Bewusst leben, achtsam leben, nachhaltig sein – das ist schon längst zur Marke geworden. Zum Hype mit pastelligen Farben und insta-perfekten Models, die trotz leidenschaftlicher Body-Positivity Botschaften nur ins richtige Licht gerückt in die Welt der sozialen Medien tauchen.

Es handelt sich um einen positiven Hype – das zweifle ich gar nicht an. Aber auch um einen, der eine ganz neue Elite schafft. Yuppies 2.0, sozusagen. Die sitzen auf ihrem Elfenbeinturm aus biologisch abbaubarem Bambus und machen uns Milchtrinker und Autofahrer verantwortlich für Trump, schlechte Haut, natürlich den Klimawandel, und ach ja, auch dafür, dass der Weltfrieden immer noch auf sich warten lässt. Nur vegan ernähren, ins Bad kommt nichts außer Zahnbürsten aus Holz, und die Kleidung: Am besten aus selbst geernteter Bio-Baumwolle. Was? Du meditierst also nicht täglich? Aber… was ist dann in deinem Instagram-Account zu sehen? Und wieso willst du unsere Welt eigentlich mit allen Mitteln zerstören?

Bewusstes Nicht-Urteilen

Doch was ist, wenn ich zwar weder auf mein Frühstücksei noch auf Milch im Kaffee verzichten will, mich dafür aber ganz bewusst für einen Urlaub in Österreich entscheide, statt mich in meinem neuen Yoga-Top auf Bali ablichten zu lassen?

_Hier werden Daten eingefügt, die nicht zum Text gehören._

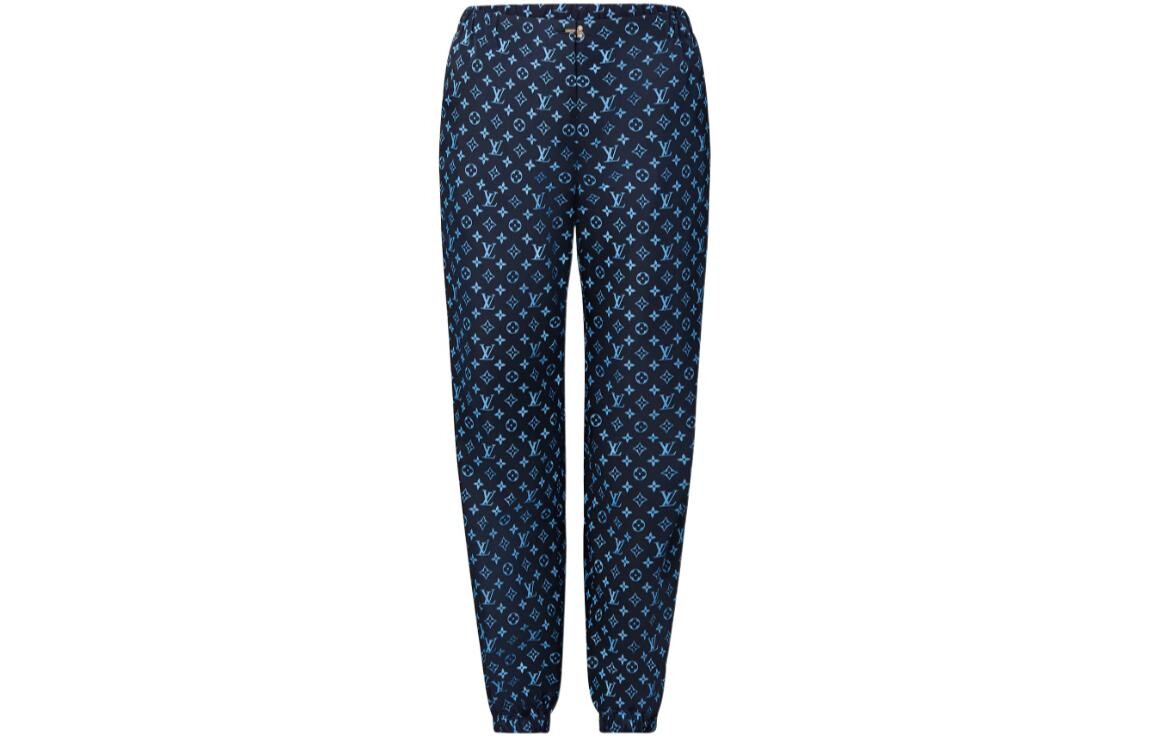 

Новые квартальные продукты LV Knit Sweatpants Women's Navy Blue Louis Vuitton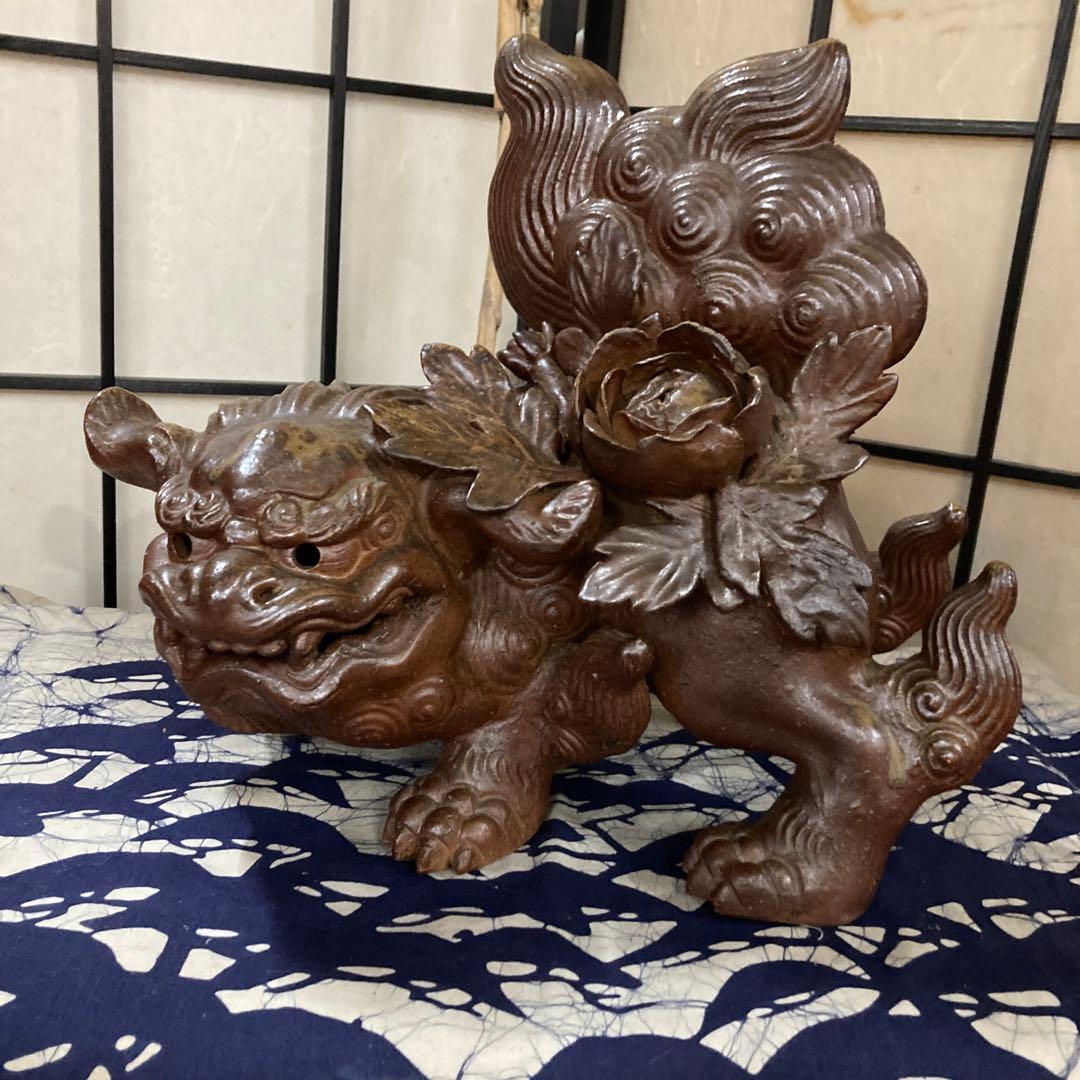 古備前骨董美術品珍品年始大売り出しです❣️希少ボタン獅子銘有り❣️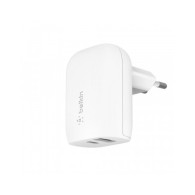 CARICABATTERIE CON PORTA USB-C 20W + PORTA USB-A 12W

Was ist, wenn du mitten in der Pampa wohnst, wo eben kein Bus fährt, und es dir deshalb nicht leisten kannst, auf dein Auto zu verzichten? Dafür isst du aber ausschließlich Obst und Gemüse aus Omas Garten statt Avocadotoast und Chiapudding mit Mangos aus Übersee zum Frühstück.

Ein Gedanke, viele Gesichter

Was ich damit sagen will: Bewusst leben, achtsam, nachhaltig leben, das geht auf verschiedene Art. Unser Leben, unser Alltag setzt sich zusammen aus den verschiedensten Fragmenten. Wir alle hinterlassen unseren Fußabdruck auf andere Weise, und jeder von uns legt Wert auf andere Dinge. Wo dem Einen der Verzicht ganz leicht fällt, findet der Andere seine Glücksquelle.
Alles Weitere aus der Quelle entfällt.